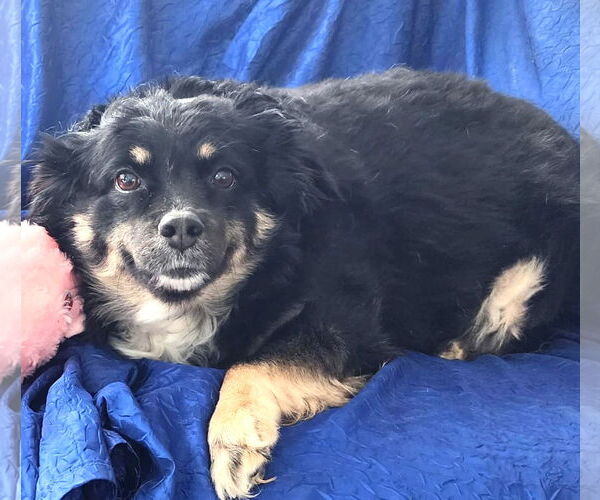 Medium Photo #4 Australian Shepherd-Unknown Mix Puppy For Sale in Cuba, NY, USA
* * *
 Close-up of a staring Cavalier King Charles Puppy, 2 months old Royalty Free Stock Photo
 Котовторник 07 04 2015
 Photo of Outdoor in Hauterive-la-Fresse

Work request:
Transcribe each line of the data above, unaltered, from the one where "Котовторник 07 04 2015" appears to the one where "Photo of Outdoor in Hauterive-la-Fresse" appears, inclusive of both.

Response to this exercise:
 Котовторник 07 04 2015
 Photo of Outdoor in Hauterive-la-Fresse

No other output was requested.